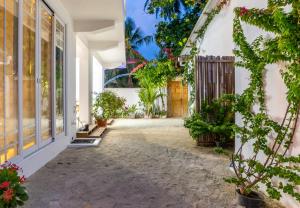 a courtyard of a house with a door and plants at Quicksand Rasdhoo in Rasdu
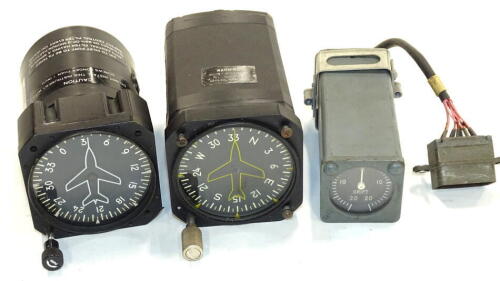 An aeroplane gauge compass, in metal case, 8cm wide and two various others (3).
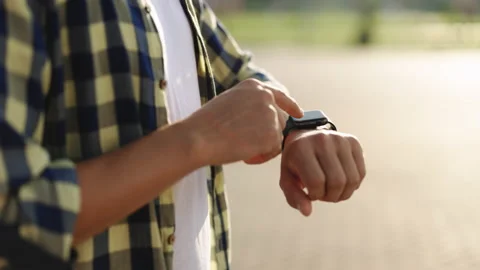 Smart watch. Smart watch on a man's hand outdoor. Man's hand touching a smart Stock Footage 194604542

* * * * * * *

Reproduce, exactly and without pictures, the lines above from the one containing "An aeroplane gauge" through the last line of the material, both ends included, and nothing more.

 An aeroplane gauge compass, in metal case, 8cm wide and two various others (3).
 Smart watch. Smart watch on a man's hand outdoor. Man's hand touching a smart Stock Footage 194604542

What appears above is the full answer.